Congress states findings on complexity, transparency in financial reporting; require annual testimony of SEC, FASB, PCAOB: Congress states its 'findings' on the importance of transparency in financial reporting, and its view on how complexity in financial reporting has contributed to cost. The Act calls upon the Chairmen of the SEC, FASB and PCAOB to provide annual testimony to Congress on efforts to reduce complexity and increase transparency of financial reporting. (Note: similar bills passed Congress in the past with this provision, but may not have passed the Senate in the past.) [Sec. 7407]

Financial Reporting Forum to make recommendations to Congress: A Financial Reporting Forum would be created, consisting of the Chairmen of the FASB, SEC, bank regulatory agencies, and certain others to be appointed by the SEC (including a representative of a financial institution, a non-financial institution, auditors, and investors). The Financial Reporting Forum would meet at least quarterly, to: "discuss immediate and long-term issues critical to financial reporting," and would "issue an annual report to the Congress detailing any determinations or findings made by the Forum during the previous year, including any legislative recommendations the Forum may have related to financial reporting matters." [NOTE: An earlier version of this provision was submitted by Rep. Miller.] [Sec. 7417]

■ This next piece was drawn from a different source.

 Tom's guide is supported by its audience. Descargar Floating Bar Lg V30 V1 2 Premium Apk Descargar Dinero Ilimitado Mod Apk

Change in scope, and possibly name of PCAOB to AOB? Certain language in the Act replaces references to "public companies" or "issuers" with references to "issuers, brokers and dealers," to bring the audits of private broker-dealers (think: Madoff) under the purview of the PCAOB. There are also references in H.R. 4173 [Sections 7601 and 7610] to changing certain references in the Sarbanes-Oxley Act from "Public Company Accounting Oversight Board" to "Accounting Oversight Board." [Sec. 7601, Sec. 7610]
Observation 2: Once again, I remind you of the disclaimer in the right margin of this blog, I wonder if, by removing references to "public" companies or "issuers," and leaving certain references generically to "companies," (without inserting the specific new replacement language that seems to be inserted in some - but not all - instances, with the new language consisting of "issuers, brokers and dealers") if there could be unintended consequences of all private co. audits (not just private co brokers and dealers) inadvertently coming under the scope of the PCAOB? If anyone has insights on this, feel free to post a comment. Separately, I'm not sure if PCAOB would have to officially change its name to AOB, or if the change from PCAOB to AOB only has to be reflected in the legislation for some legal reason.] [Sec. 7601, Sec. 7610]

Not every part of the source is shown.